# EXERCISE INSTRUCTIONS:
Print, in exact form, the lines below from the one containing "2. Guests with" through the one containing "Check-in is only", and omit all others.

[Start of Attachment]

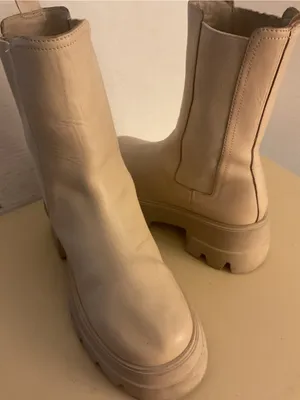 Thursday women crème leather platform Chelsea heel boots US 7.5 thumbnail 6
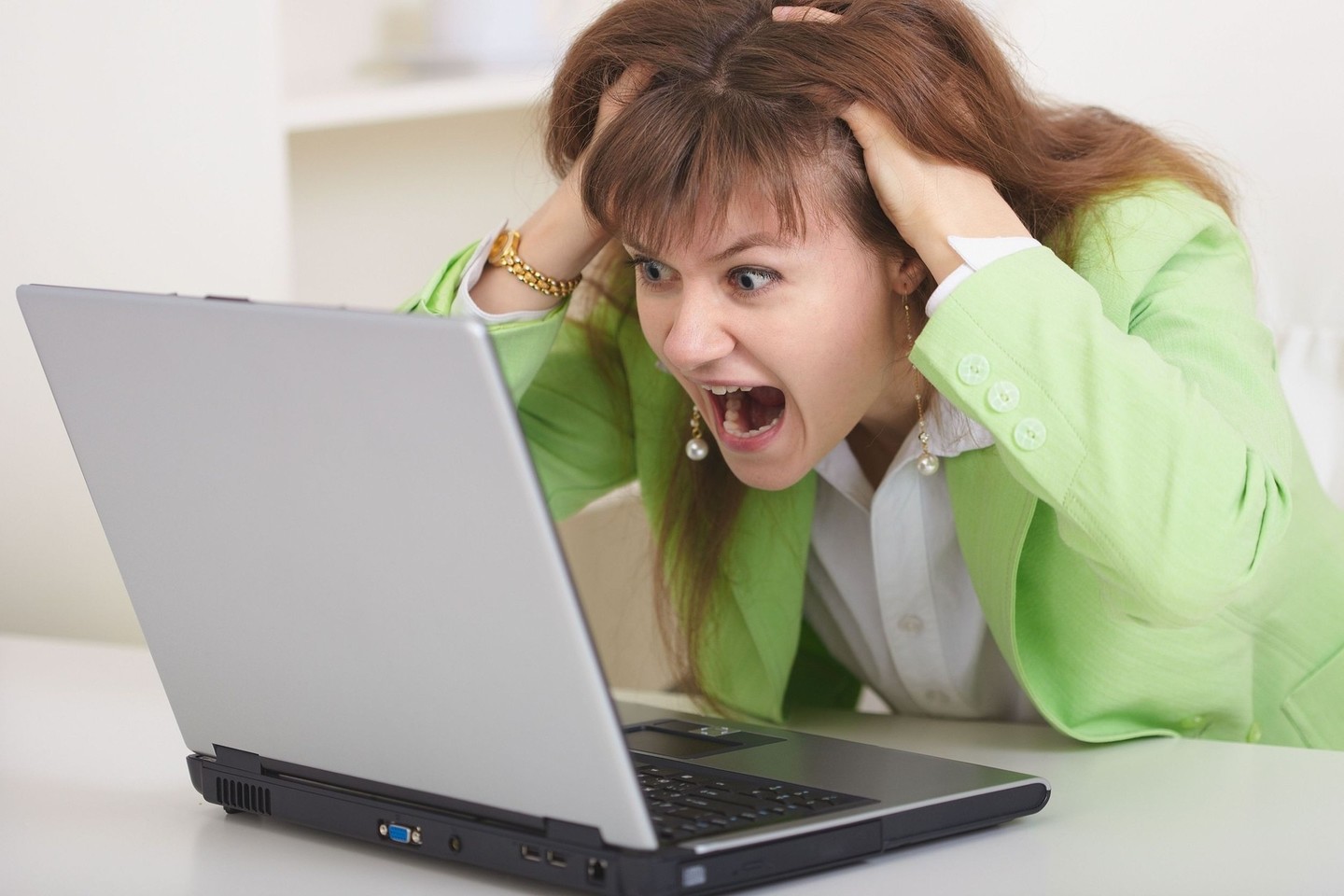 Ne viename kompiuteryje „Windows 10“ buvo įdiegti automatiškai, neatsiklausus vartotojo leidimo.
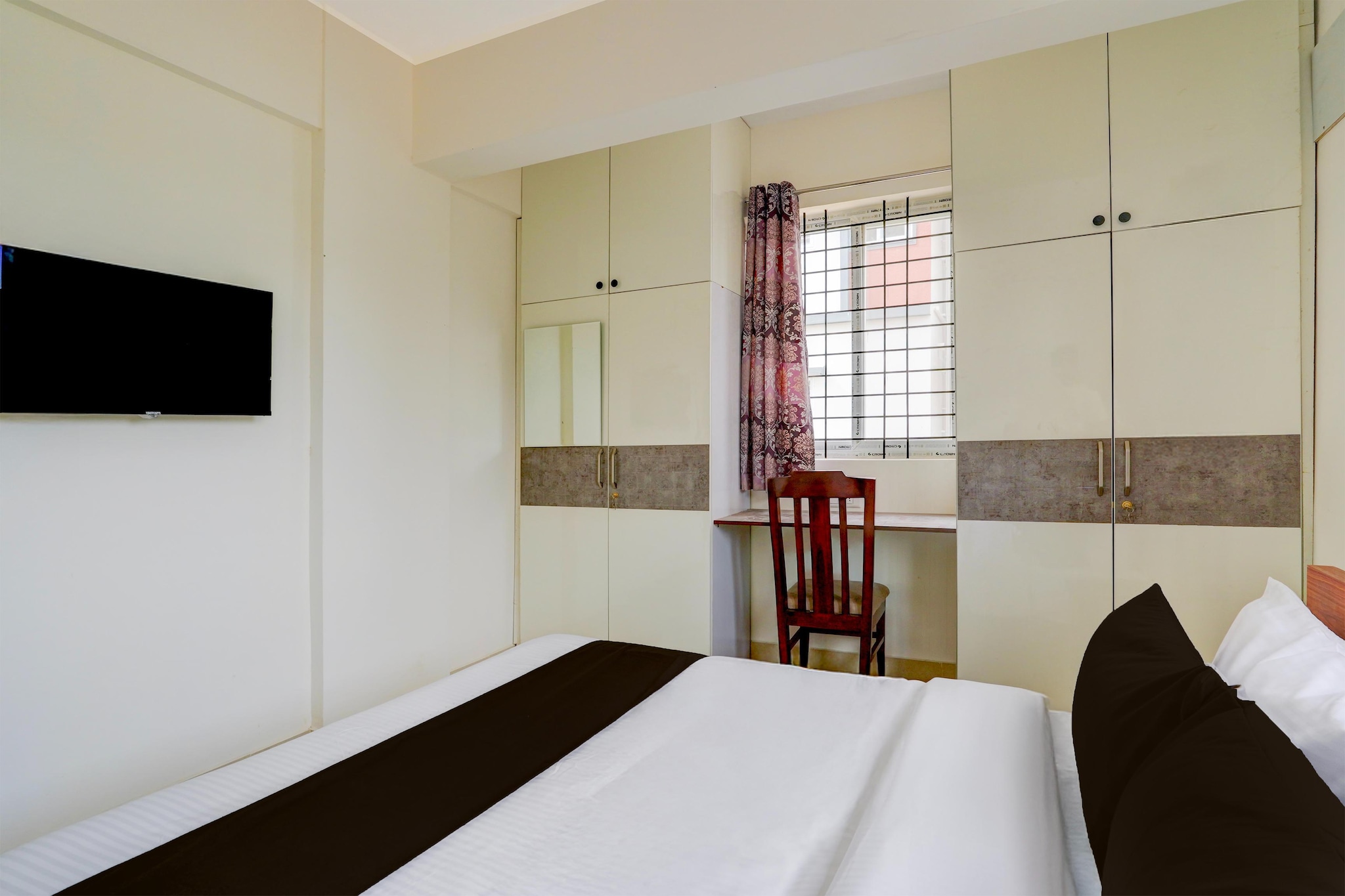 Collection O Christ University is situated in Kammasandra, in the Electronic City district. Among the facilities at this property are room service and a 24-hour front desk, along with free WiFi throughout the property. The hotel has family rooms.
The rooms at the hotel are fitted with a seating area, a flat-screen TV with satellite channels and a private bathroom with free toiletries and a bath or shower. All guest rooms at Collection O Christ University have air conditioning and a desk.
Kempegowda International Airport is 54 km from the property.
1. Unmarried couples are warmly welcome at this property.
2. Guests with local ID proof are warmly welcome.
3.Early Check-In Policy: A full day’s room rate will be charged for check-ins before 6:00 AM. Complimentary early check-in is available between 6:00 AM and 10:00 AM, subject to room availability.
4.Foreign guests are welcome and allowed to stay at this property without any restrictions
Check-in is only available to guests aged 18 and above. Please provide a government-issued ID to confirm your age.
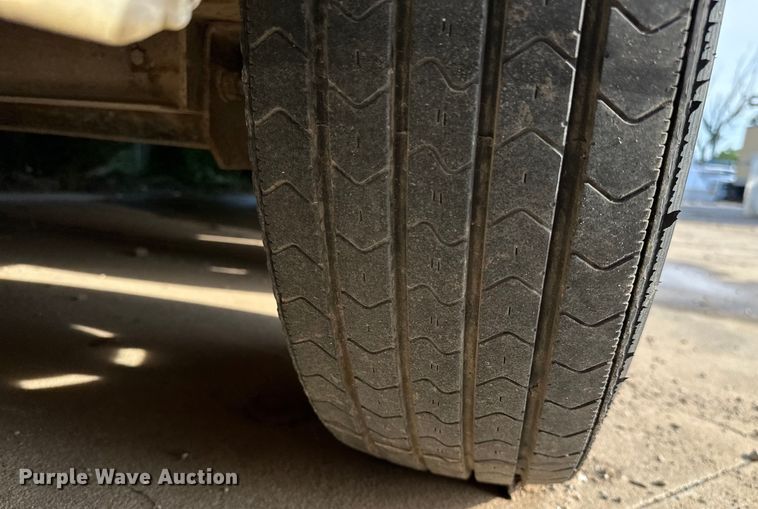 image for item NR9851 2000 Elite horse trailer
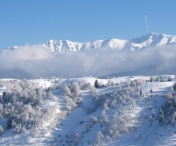 Salvamontul avertizeaza: Iarna se intoarce in forta in masivele montane, stratul de zapada poate atinge si jumatate de metru. Pana la cat scad temperaturile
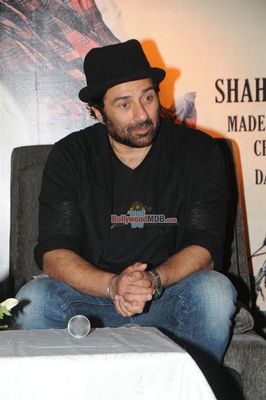 Sunny Deol & Urvashi Rautela at the unveiling of the wax statue of Shahid Bhagat Singh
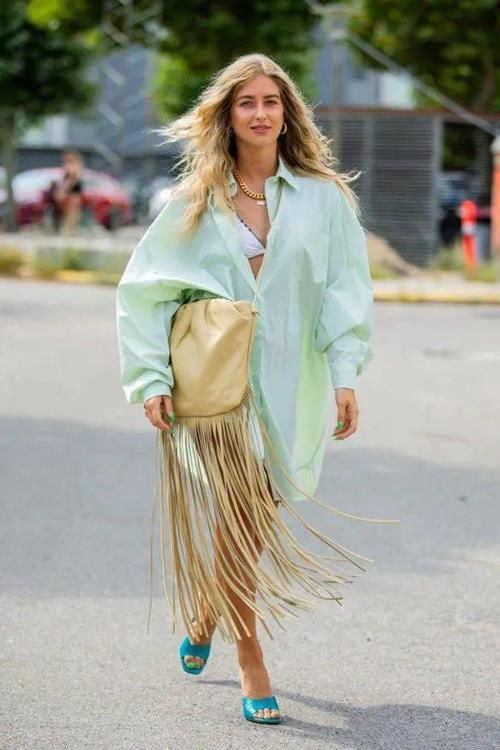 最难穿的绿色竟然2021最流行？原来穿对这么美,超级治愈！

[End of Attachment]

# SOLVED PROBLEM:
2. Guests with local ID proof are warmly welcome.
3.Early Check-In Policy: A full day’s room rate will be charged for check-ins before 6:00 AM. Complimentary early check-in is available between 6:00 AM and 10:00 AM, subject to room availability.
4.Foreign guests are welcome and allowed to stay at this property without any restrictions
Check-in is only available to guests aged 18 and above. Please provide a government-issued ID to confirm your age.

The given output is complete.